Support cudaMemcpyToSymbol and cudaGetSymbolAddress in libcuda

sree314 commented 3 years ago

These are CUDA Runtime API functions, not CUDA Device API functions, so they'll never be supported in libcuda.

Turns out, neither of these have an equivalent in the CUDA Device API. So, I suspect that the CUDA runtime converts these functions to cuMemcpy under the hood along with some sort of ELF symbol lookup and linker magic.

[This is needed for ld_const_s16.cu PTX testcase (among others)]

sree314 commented 3 years ago

Just to clarify: I think these functions should already be supported using cuMemcpy.
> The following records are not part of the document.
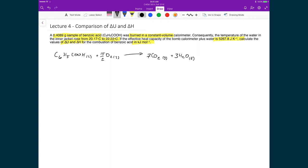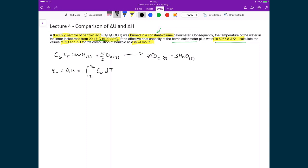This is done in a constant volume bomb calorimeter, so it's a constant volume process. We're given the heat capacity at constant volume and the temperature change. With that we can directly calculate the heat at constant volume, which gives us the change in internal energy. We're going to use the generalized integral from T_initial to T_final of C_V dT.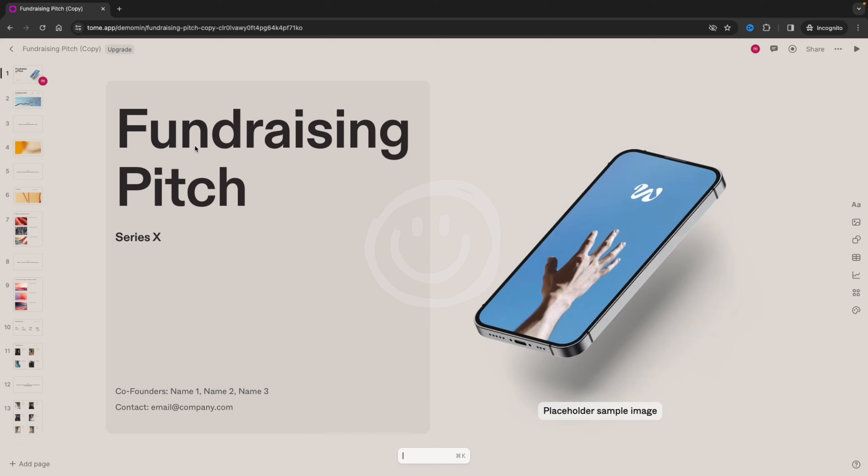Now when you are in your project, you need to go to the upper right and then you see share over here.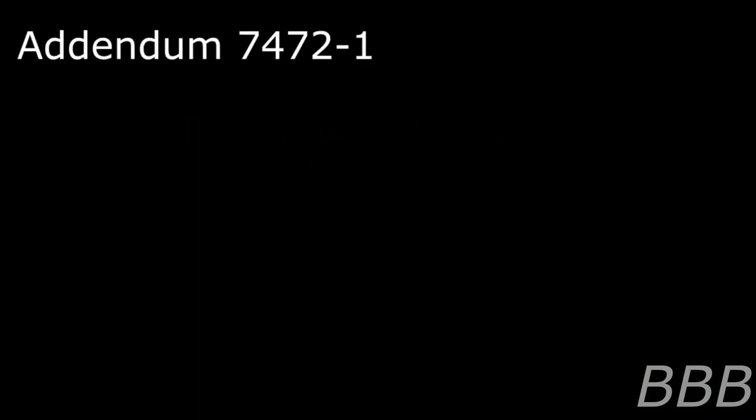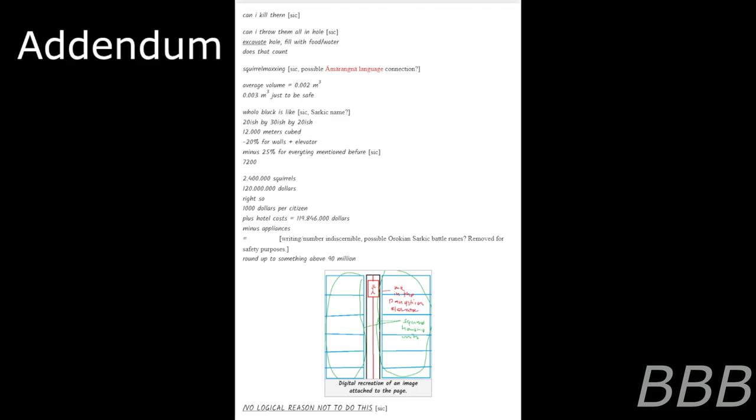Addendum 7472-1: Following several months of testing, the Foundation has stopped SCP-7472's elevator. Entry into the lift revealed an incomplete human skeleton, a pen, a notebook, and an unidentified electronic device. The first page of the notebook was transcribed as well as possible.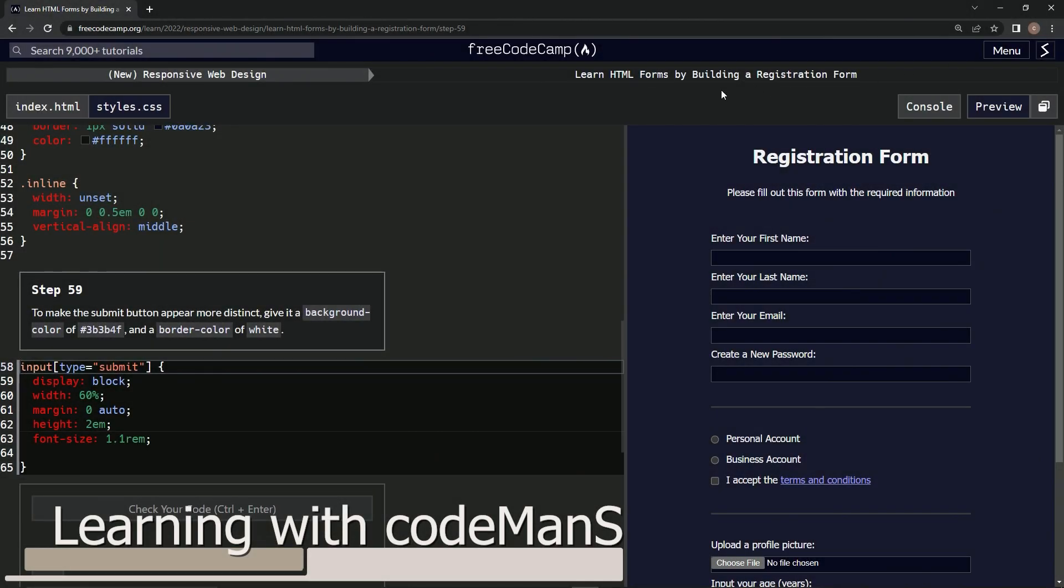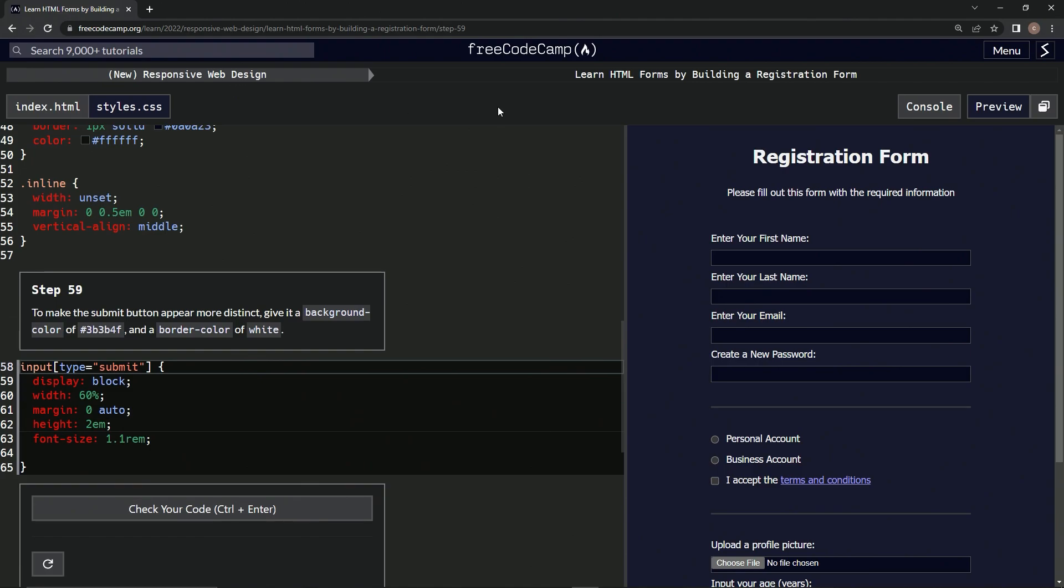All right, now we're doing FreeCodeCamp New Responsive Web Design and Learn HTML Forms by Building a Registration Form, Step 59. To make the submit button appear more distinct, we're gonna give it a background color and a border color of white.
bavalpey commented 3 years ago

Trying to replay the trace for ld_const_s16.cu PTX testcase results in an AssertionError

trace

libcudareplay.cuda_device_runtime: INFO: cuInit called from thread 10966 libcudareplay.cuda_device_runtime: WARNING: Function call cuCtxGetDevice failed in trace with error code 201, not calling handler libcudareplay.cuda_device_runtime: INFO: cuModuleGetFunction _Z23ptx_inline_ld_const_b16PtS_ for compute capability (6, 1) harmonv.loader: INFO: Found exact match for arch 61 (type 2) harmonv.loader: INFO: Found exact match for arch 61 (type 2) harmonv.loader: INFO: Found exact PTX match for arch 61 (type 1) libcudareplay.cuda_devices: INFO: Registering 944 bytes as PTX/ELF image 140250303228280 libcudareplay.cuda_devices: INFO: Registering 2408 bytes as PTX/ELF image 140250303287192 libcudareplay.cuda_devices: INFO: Registering 576 bytes as PTX/ELF image 140250303349312 libcudareplay.cuda_device_runtime: INFO: Using ELF: and PTX: for _Z23ptx_inline_ld_const_b16PtS_ libcudareplay.libcuda_replay: WARNING: No handler for cuModuleGetGlobal_v2_post found libcudareplay.cuda_device_runtime: INFO: cuMemAlloc on device 0: 2 bytes at 0x7f29f0a00000 [cuMemAlloc] 0x7f29f0a00000,2 [cuMemcpyHtoD] 0x7f29f0a00000,0x557792138de0,2,0x65 0x65 libcudareplay.libcuda_replay: WARNING: No handler for cuModuleGetGlobal_v2_post found Traceback (most recent call last): File "./demorunner.py", line 92, in tr.replay() File "/localdisk/bvalpey/projects/ROCetta/gpu-api-interposer/libcuda-replay/libcudareplay/tracerunner.py", line 157, in replay self.replayer.replay(self.trace_handler) File "/localdisk/bvalpey/projects/ROCetta/gpu-api-interposer/libcuda-replay/libcudareplay/libcuda_replay.py", line 299, in replay hf(event, blobstore_data) File "/localdisk/bvalpey/projects/ROCetta/gpu-api-interposer/libcuda-replay/libcudareplay/libcuda_replay.py", line 177, in cuMemcpyHtoD_v2_pre ev['ByteCount'], data) File "/localdisk/bvalpey/projects/ROCetta/gpu-api-interposer/libcuda-replay/libcudareplay/cuda_device_runtime.py", line 44, in checker return f(self, *args, **kwargs) File "/localdisk/bvalpey/projects/ROCetta/gpu-api-interposer/libcuda-replay/libcudareplay/cuda_device_runtime.py", line 266, in cuMemcpyHtoD assert gpu.has_dptr(dstDevice, ByteCount) AssertionError

sree314 commented 3 years ago

What value does dstDevice contain?

The assert is triggered because the address cuMemcpyHtoD is trying to copy to is not one that the library has seen in the trace (e.g. through a cuMemAlloc)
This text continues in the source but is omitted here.